VIRUSMYTH HOMEPAGE


SOUTH AFRICA TO TIGHTEN CONTROL ON DRUG TRIALS AFTER FIVE DEATHS

By Pat Sidley

BMJ 15 April 2000


South Africa's HIV/AIDS drug trials industry has been thrown into confusion after the government had to intervene and stop a trial in which five patients died. About 11% of patients in the trial showed signs of severe liver toxicity, and serious allegations were levelled against the trial organisers that women involved in one site of the trial had not given fully informed consent.

This problem has arisen amid serious soul searching among medicines' regulators, research ethics committees, drug companies, and doctors after research procedures had to be questioned when Werner Bezwoda falsified research results into treatments for breast cancer (12 February, p 398; 18 March, p 732).

The drug trial in question was known as the FTC 302 trial and was being conducted in adults. According to Dr Helen Rees, who chairs the regulatory authority, the Medicines Control Council, the aim of the trial was to document the safety and efficacy of different combinations of antiretroviral drugs, including a new unregistered drug called emtricitabine.

It also included the new drug nevirapine, manufactured by Boehringer Ingelheim and being tested in South Africa for its use in the prevention of vertical transmission of HIV. Some 16 sites were being used around the country.

The applicant was a US pharmaceutical company, Triangle, which was told to stop recruiting patients for the trial and was then told to stop the trial.

It was initially believed that the health minister, Dr Manto Tshabalala-Msimang, had stopped all drug trials relating to HIV and AIDS, particularly those using nevirapine and to prevent all vertical transmission. There remains considerable confusion in the industry.
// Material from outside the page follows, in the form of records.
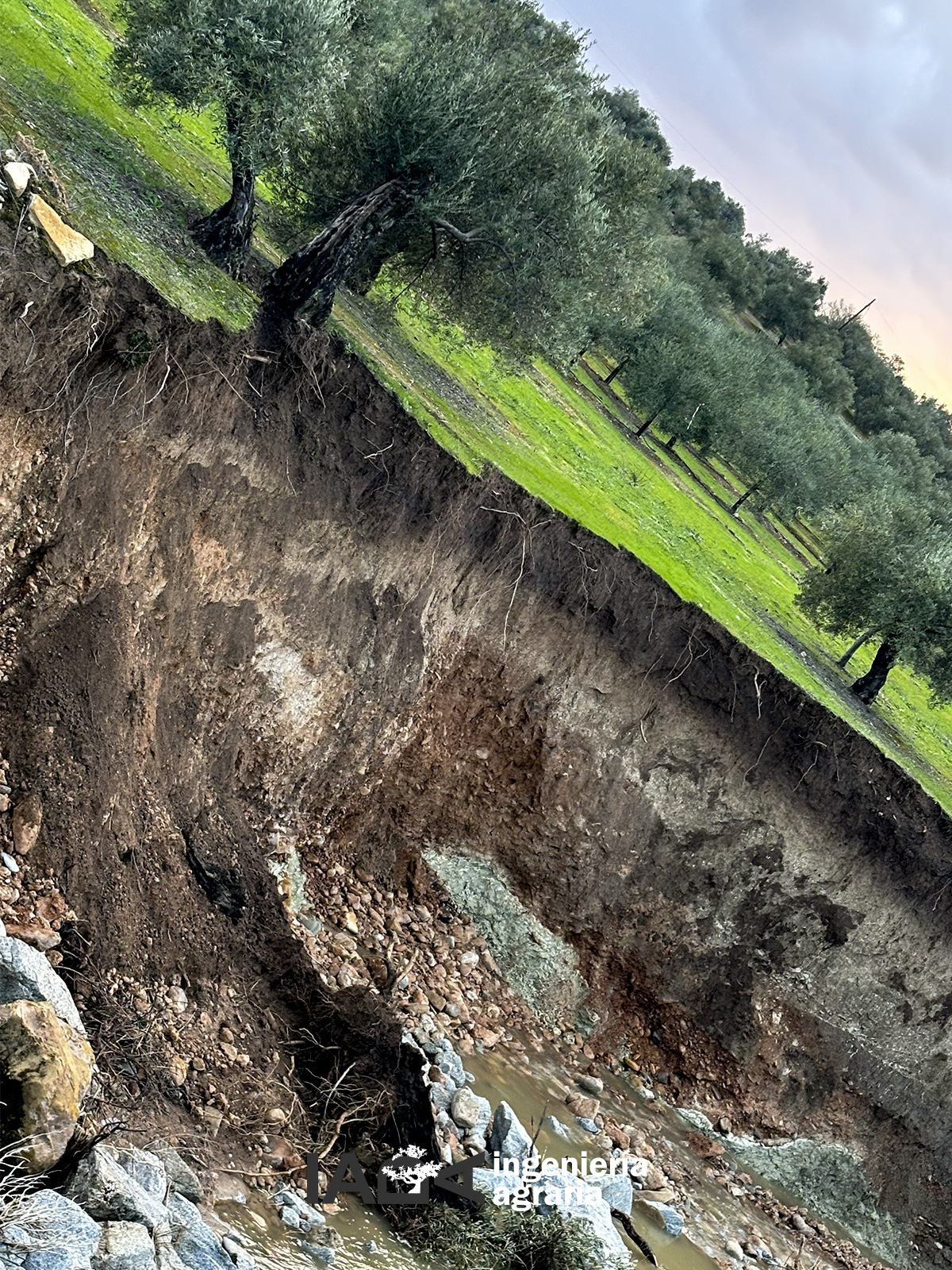 Cómo evaluar y reparar daños en el olivar tras lluvias torrenciales.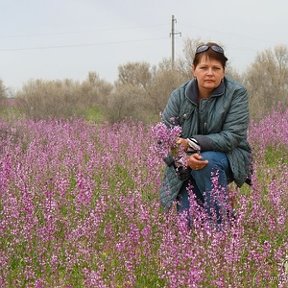 Фотография от Марина Чумакова(Вьюнова)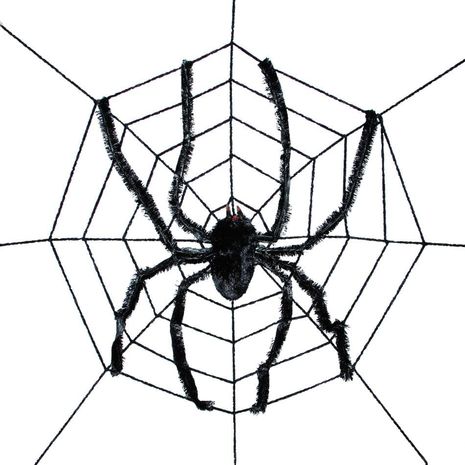 Паутина диаметром 2,5 м с гиганским пауком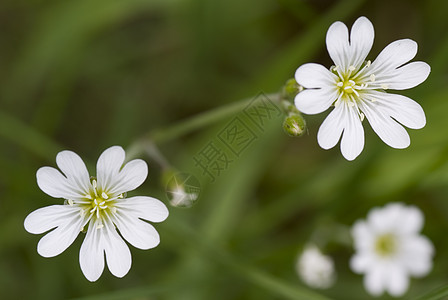 背景性质绿色草地白色植物宏观花瓣图片
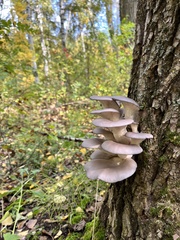 Pleurotus ostreatus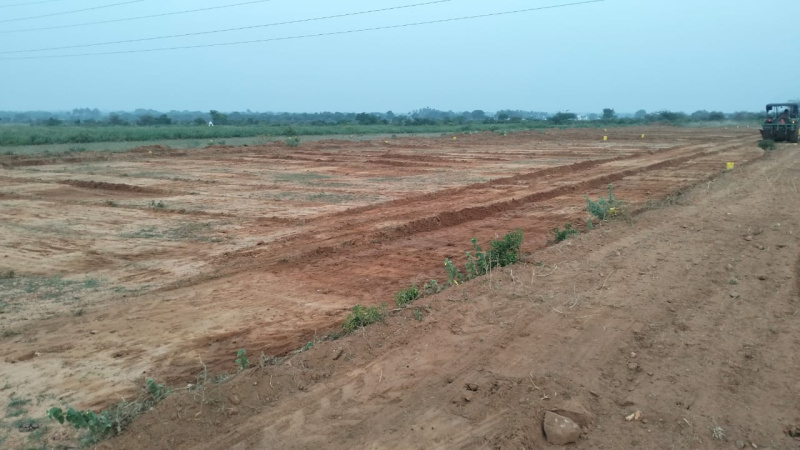  Residential Plot 1200 Sq.ft. for Sale in Aarchampatti, Tiruchirappalli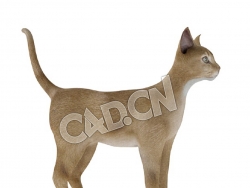 宠物猫阿比西尼亚猫C4D模型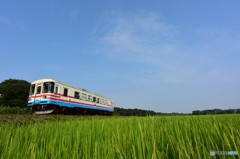 稲の花咲く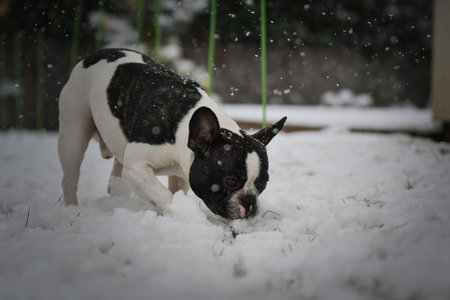 French Bulldog walking through fresh snow in winter garden, curious expression.の写真素材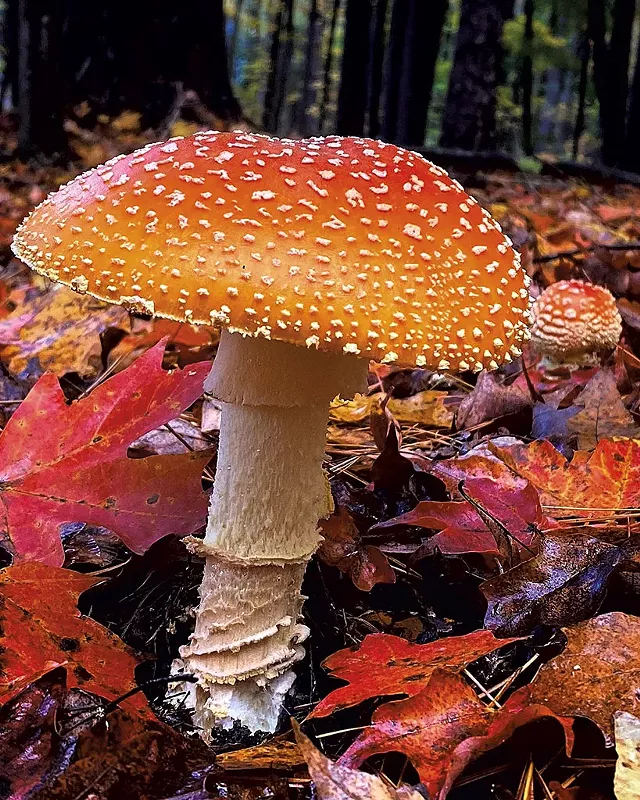 Fly agaric mushroom - COURTESY OF MEG MADDEN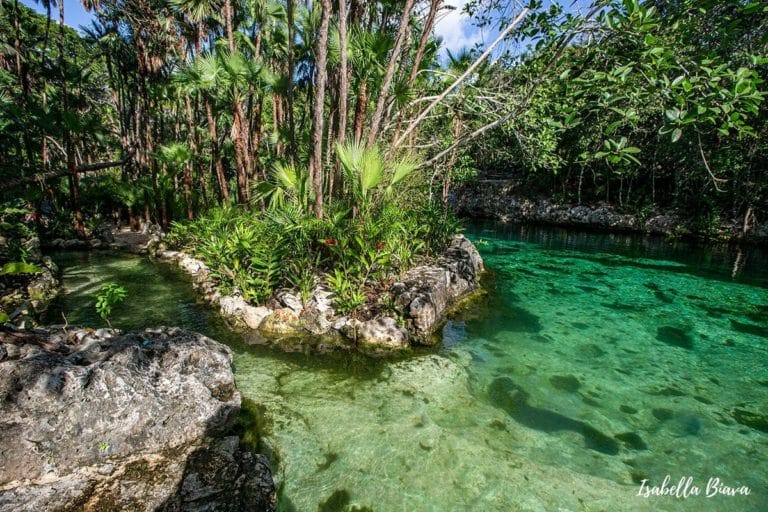 Cenote Yax Kin with an island in the middle
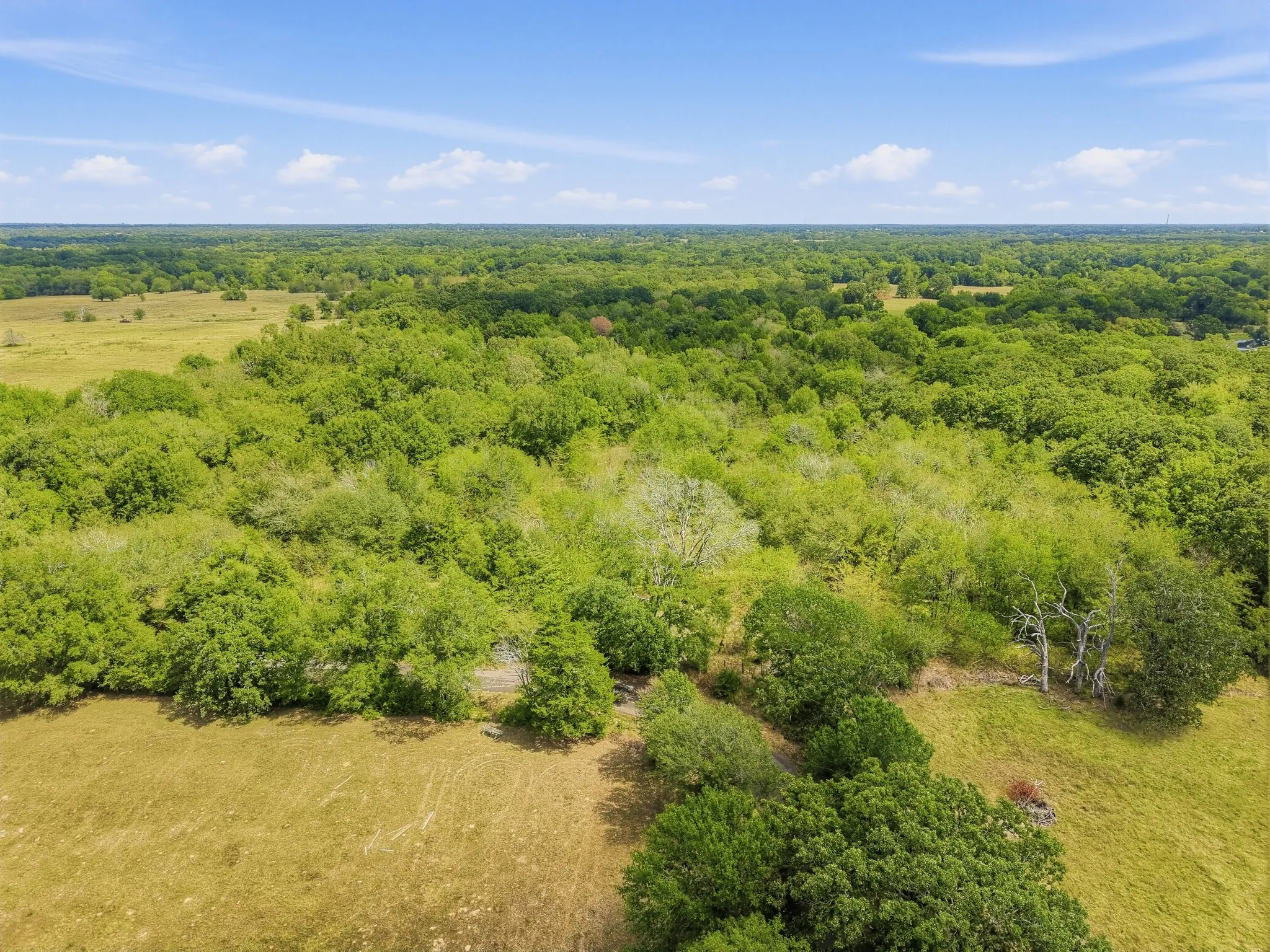 Unimproved Land For Sale in Hopkins County , TBD County Road 1153, Cumby, Texas 75433, 0, 0, Garage spaces, 0 Sqft, built in 0, mls#21396073, Real Estate Agent in Cumby, Homes For Sale in Hopkins county, Homes For Sale in Cumby, Realtor in Cumby Texas, Real Estate Brokerage Independent Realty Texas, Luminita Cordes Realtor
The Medicines Control Council has been reviewing its control of drug trials, as have various ethics committees. The ethics committee that was supposed to have had been involved in the FTC 302 trial has emerged from the problem with its reputation seriously damaged.

The number of drug trials in South Africa have risen rapidly recently, and there seems to be widespread consensus that the system is in urgent need of an overhaul. Dr Rees of the Medicines Control Council said that the council, the health department, and various ethics committees had been involved in restructuring the way clinical trials are dealt with.

The council has had a ministerially appointed clinical trials committee to help advise it on these issues. Despite this, questions remain over the methods used in the wake of the Bezwoda affair and this latest development.